Desafio da Distribuição Médica no Brasil: Formar é Apenas o Primeiro Passo

Apesar do aumento no número de médicos, a desigualdade regional compromete o acesso à saúde e exige políticas eficazes de fixação profissional

Mesmo com o crescimento constante no número de profissionais médicos no Brasil, a distribuição desigual desses profissionais continua comprometendo o acesso à saúde em diversas regiões do país. É o que alerta o cardiologista e presidente da Associação de Hospitais do Estado de São Paulo (AHOSP), Dr.
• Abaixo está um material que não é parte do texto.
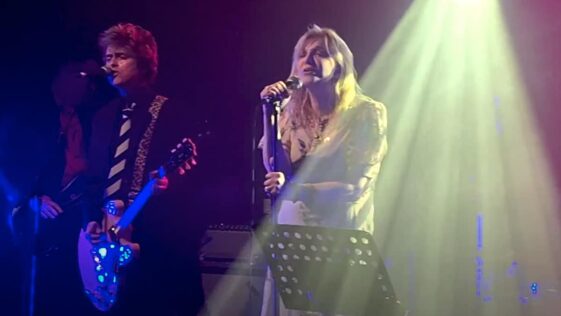 Billie Joe Armstrong y Courtney Love: explosión de rock en Londres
Anis Mitri.

De acordo com o estudo Demografia Médica no Brasil 2025, o país conta atualmente com uma média de 3,08 médicos por 1.000 habitantes, representando um aumento em relação a anos anteriores e um índice considerado adequado pelos padrões internacionais. Contudo, as desigualdades regionais continuam marcantes: na Região Norte, a razão é de apenas 1,70 médico por 1.000 habitantes, enquanto no Sudeste o índice chega a 3,77 e no Centro-Oeste a 3,44. Estados como o Maranhão (1,27) e o Pará (1,37) estão entre os que apresentam menor densidade médica. O relatório também mostra que municípios pequenos — especialmente aqueles com menos de 20 mil habitantes — enfrentam grave escassez de profissionais, com menos de 1 médico por 1.000 habitantes, revelando uma distribuição ainda desigual e uma carência persistente na Atenção Primária à Saúde.
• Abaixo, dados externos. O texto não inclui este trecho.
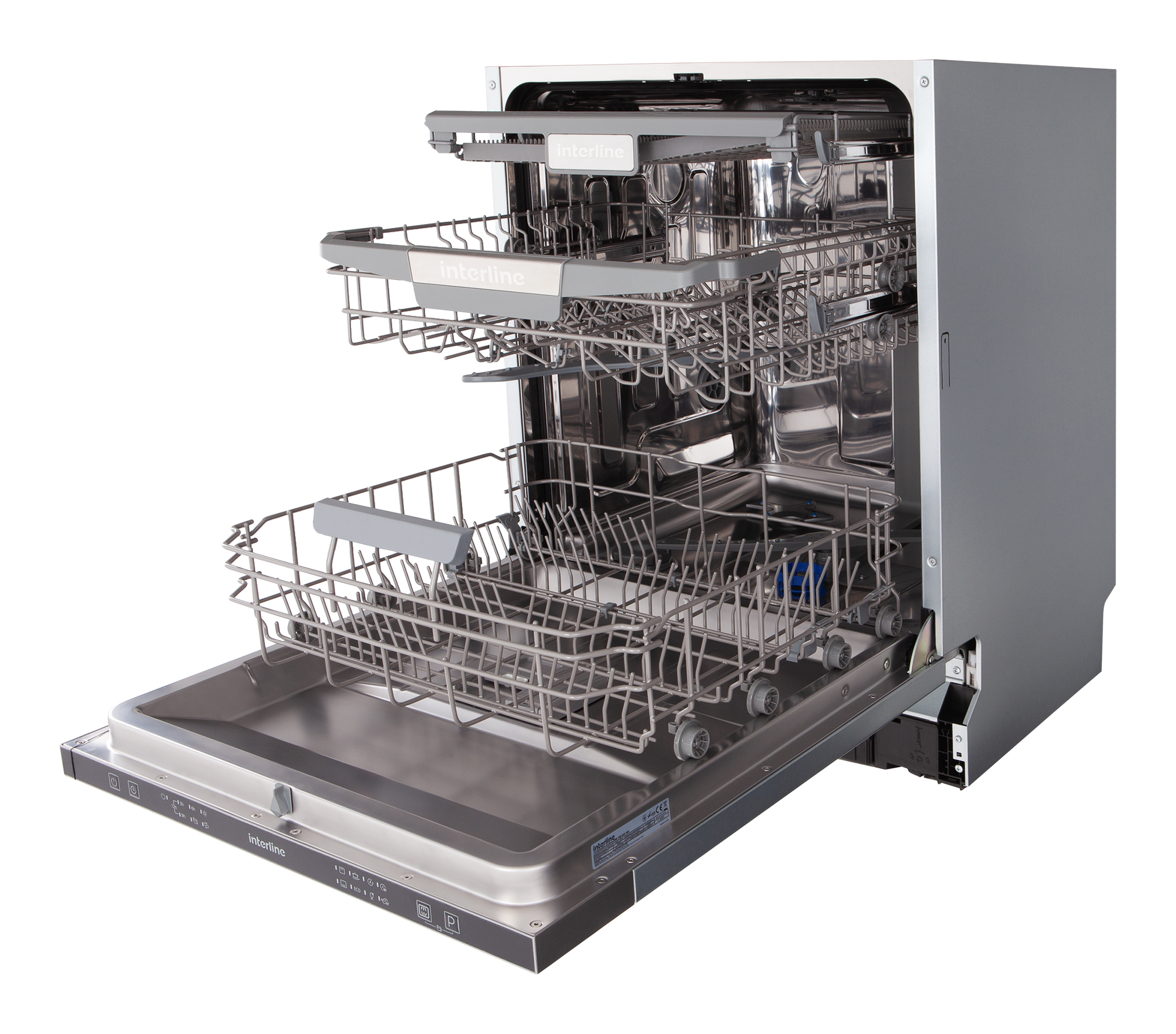 Посудомийна машина Interline DWI 760 DSV WA - 7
“O grande gargalo não é apenas quantos médicos formamos, é onde estes profissionais estão. Formamos muitos médicos, mas não conseguimos mantê-los onde mais se precisa deles”, ressalta Mitri. O especialista destaca que as grandes capitais concentram mais de 50% dos médicos do país, enquanto o interior e as periferias seguem com escassez crônica de profissionais.

Os dados mostram que, embora o número de médicos no Brasil tenha aumentado entre 2010 e 2025, a interiorização da medicina ainda avança lentamente. Muitos municípios enfrentam obstáculos para contratar e manter médicos, como salários insuficientes, falta de infraestrutura, insegurança e escassas oportunidades de crescimento profissional. “Não basta abrir mais vagas em faculdades. É preciso oferecer remuneração justa, infraestrutura adequada, segurança e oportunidades de desenvolvimento profissional para que o médico escolha permanecer onde é mais necessário”, defende o presidente da AHOSP.

A desigualdade territorial também impacta a qualidade da assistência e o tempo de espera por consultas. Mais da metade dos 576 mil médicos brasileiros está concentrada na região Sudeste, enquanto áreas remotas da Amazônia Legal, do Nordeste e do Centro-Oeste sofrem com a ausência de especialistas em pediatria, ginecologia e psiquiatria.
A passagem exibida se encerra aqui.